Reputation: 3460
Basically I am writing a Java module that is supposed to take English text and switch the genders of the pronouns. So for example, if you give it "She put the box on the table" it would give you back "He put the box on the table." If you gave it "His feet hurt" it would give you back "Her feet hurt."
This is pretty much easy, except for the word "hers." Sometimes his = her, sometimes his = hers.
I've been looking into NLP, which I know pretty much nothing about, and I tried out OpenNLP but it's failing me (I can't use the Standford NLP because of the licensing issue). The POS tagger and the Chunker get confused with her/hers, and so even does the parser. So for example:
The box was his.
(TOP (S (NP (DT The) (NN box)) (VP (VBD was) (NP (PRP$ his))) (. .)))
The box was hers.
(TOP (S (NP (DT The) (NN box)) (VP (VBD was) (ADJP (JJ hers))) (. .)))
The box was his box.
(TOP (S (NP (DT The) (NN box)) (VP (VBD was) (NP (PRP$ his) (NN box))) (. .)))
The box was her box.
(TOP (S (NP (DT The) (NN box)) (VP (VBD was) (NP (PRP$ her) (NN box))) (. .)))
It correctly identifies "hers" as an adjective phrase, but when "his" is used in the predicate in the exact same way, it incorrectly identifies it as a possessive pronoun, as if it was modifying some noun as in the third and fourth examples..
Is this just an issue of training set? Would it be possible to create my own training set that does a better job of doing this, basically a set that just has tons of his/hers sentences?
Bonus points if you can tell me whether there's any way to use NLP to determine the antecedent of a pronoun. For example:
"Wanda gave a watch to a girl named Lucy. She loved it."
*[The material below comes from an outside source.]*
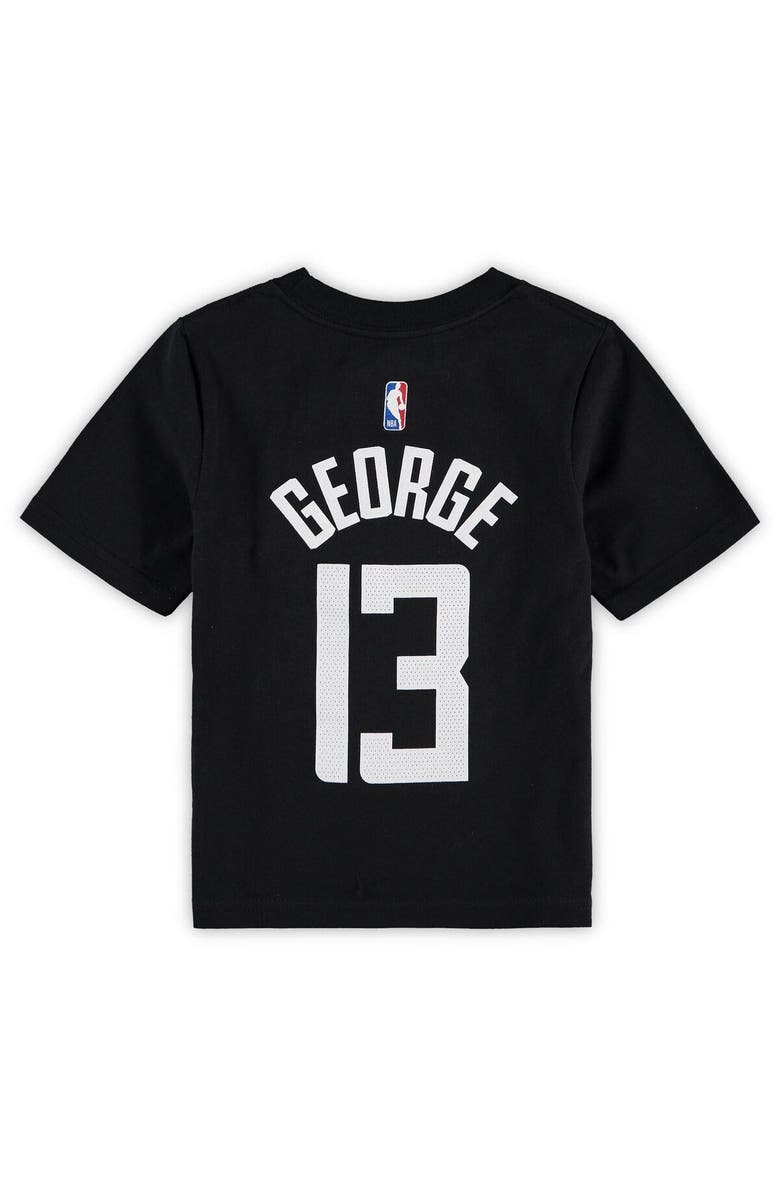 Jordan Brand Preschool Jordan Brand Paul George Black LA Clippers Statement Edition Name & Number T-Shirt, Alternate, color,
My guess is this is pretty much impossible since this is sometimes even hard for humans.
Upvotes: 1
Views: 342
Reputation: 363817
Judging from the examples, you could try replacing his
with hers
instead of her
whenever it appears as the only child of a node, which to my knowledge of English (not a native speaker) corresponds to the usage of words like "hers", "mine", etc.
I.e.
# NP with one child
(NP (PRP$ his)) ==> (ADJP (JJ hers))
but
# NP with two children, "his" and "box"
(NP (PRP$ his) (NN box)) ==> (NP (PRP$ her) (NN box))
(It's been long since I did anything with syntax trees, but in the first example, the NP
label seems like a mistake by the parser.)
Bonus points if you can tell me whether there's any way to use NLP to determine the antecedent of a pronoun.
This is called pronoun resolution, or more generally anaphora resolution, and a host of literature exists about this problem. The baseline algorithm for this task is called Hobbs' algorithm and is described somewhere in SLP, or in this question.
Upvotes: 2